== Segment start ==
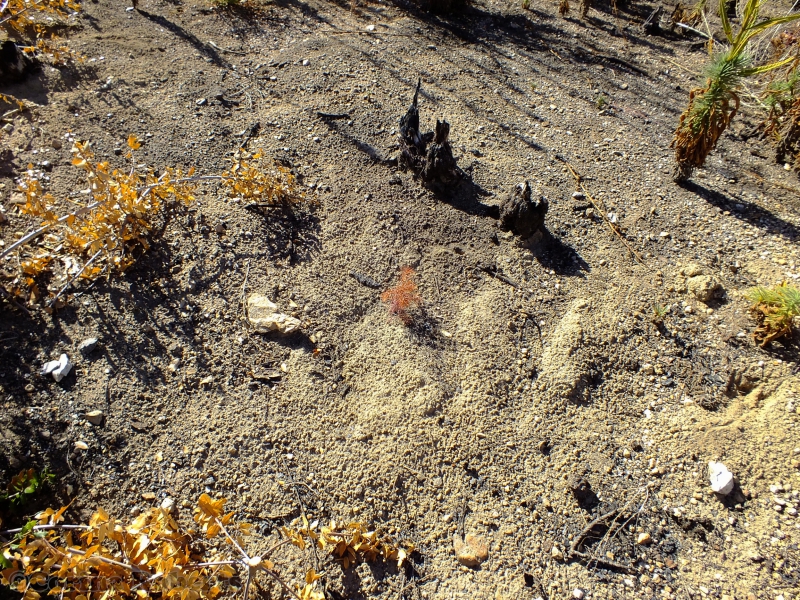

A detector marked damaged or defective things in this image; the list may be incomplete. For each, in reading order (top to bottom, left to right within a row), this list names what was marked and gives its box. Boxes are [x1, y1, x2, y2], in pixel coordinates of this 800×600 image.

burned black wood [496, 180, 548, 239]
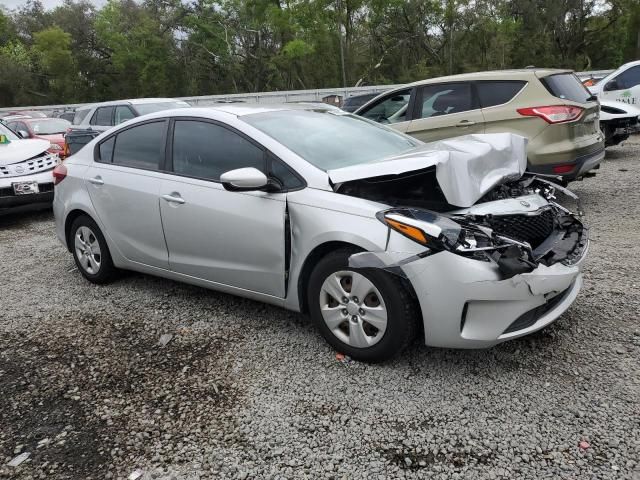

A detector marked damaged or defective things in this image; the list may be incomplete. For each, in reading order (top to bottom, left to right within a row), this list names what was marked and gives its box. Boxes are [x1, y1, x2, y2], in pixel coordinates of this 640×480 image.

crumpled hood [0, 139, 50, 167]
damaged silver sedan [52, 104, 588, 360]
crumpled hood [328, 132, 528, 207]
front end damage [348, 174, 588, 346]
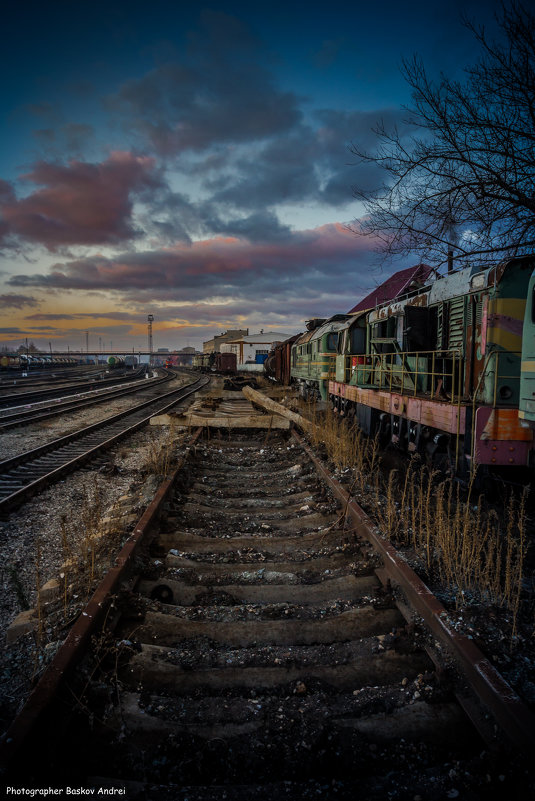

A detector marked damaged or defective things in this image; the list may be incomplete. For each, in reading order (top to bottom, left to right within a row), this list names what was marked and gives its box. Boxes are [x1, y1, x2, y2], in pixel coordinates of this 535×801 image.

rusty rail [294, 432, 535, 752]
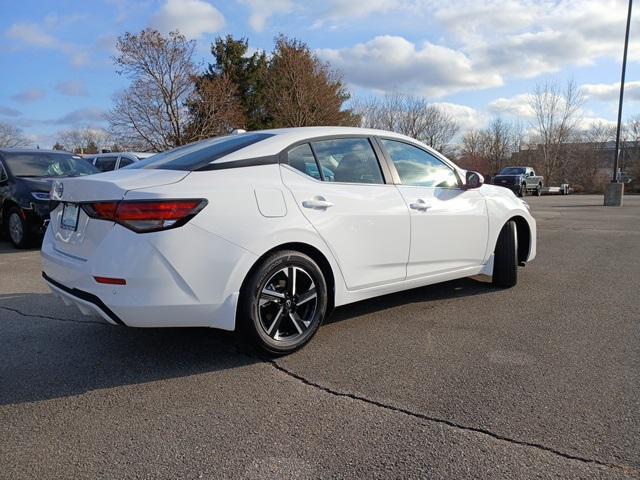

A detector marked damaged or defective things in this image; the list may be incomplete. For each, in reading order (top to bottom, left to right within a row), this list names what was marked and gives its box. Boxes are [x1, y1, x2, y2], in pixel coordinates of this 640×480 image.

crack in asphalt [0, 304, 108, 326]
crack in asphalt [268, 360, 640, 476]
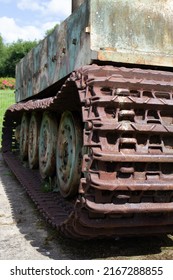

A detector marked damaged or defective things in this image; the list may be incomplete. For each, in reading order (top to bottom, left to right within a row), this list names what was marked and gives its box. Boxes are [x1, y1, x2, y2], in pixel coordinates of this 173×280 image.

rusty tank track [2, 64, 173, 240]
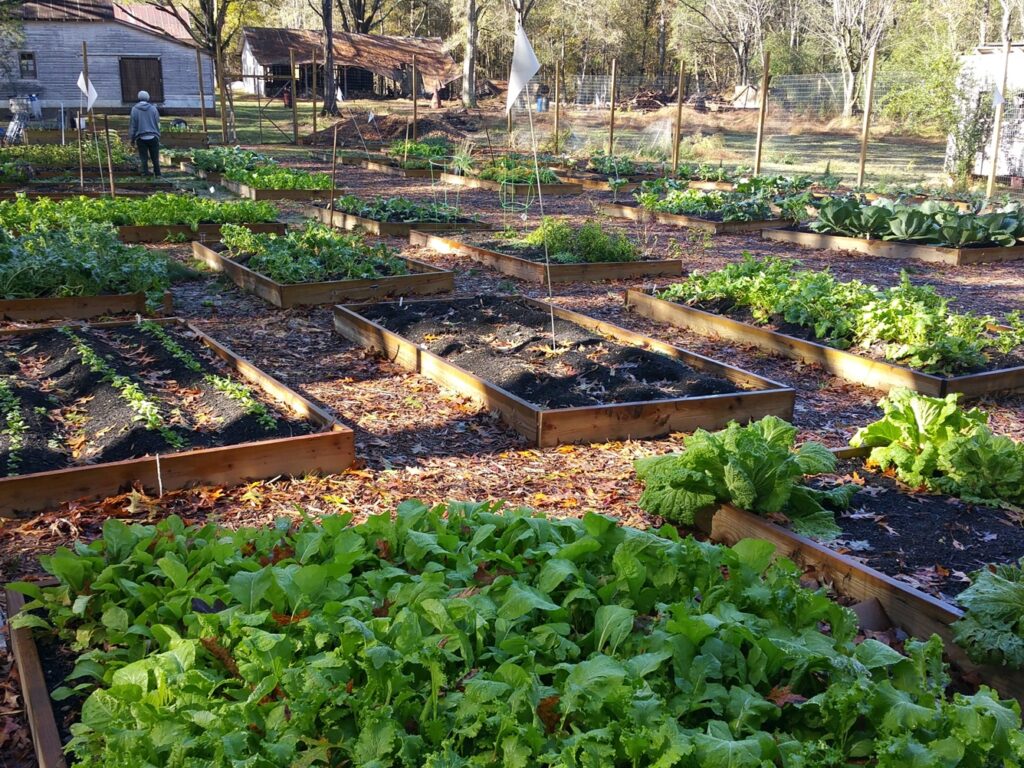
== Segment end ==
*What to do*. Please reproduce the entries above exactly, omitting every picture.

*Answer below*.
A detector marked damaged or defective things in this image; the list may be incomplete. For each, in reading order (top to bottom, left to right within a row), this list names what was marked and gives its box. Boxes are [x1, y1, x2, y2], in pixel coordinates of this 800×600 image.

burned black wood [496, 180, 548, 239]

A detector marked damaged or defective things in this image; the list may be incomplete. For each, in reading order (top to bottom, left to right within a row), this list names what was marked and gives its box. Boxes are [x1, y1, x2, y2], in pixel coordinates of this 640×480 image.

crumpled hood [0, 139, 50, 167]
damaged silver sedan [52, 104, 588, 360]
crumpled hood [328, 132, 528, 207]
front end damage [348, 174, 588, 346]

A detector marked damaged or defective things in this image; the list may be incomplete. For each, in reading order (top to bottom, left to right within a row), this list names what was marked and gives its box. Boxes are [x1, y1, x2, y2], in pixel coordinates of this 535×801 image.

rusty rail [294, 432, 535, 752]

A detector marked damaged or defective things in this image; the list may be incomplete. For each, in reading order (top to bottom, left to right within a row), this list names what was marked and gives its box. Boxes are [x1, y1, x2, y2], in pixel coordinates of this 640×480 image.

crack in asphalt [0, 304, 108, 326]
crack in asphalt [268, 360, 640, 476]

A detector marked damaged or defective things in this image; the list may be incomplete. For each, in reading order (top to bottom, left to right within a row), this list names what was marked and gives its box. Boxes are [x1, y1, x2, y2], in pixel coordinates of this 173×280 image.

rusty tank track [2, 64, 173, 240]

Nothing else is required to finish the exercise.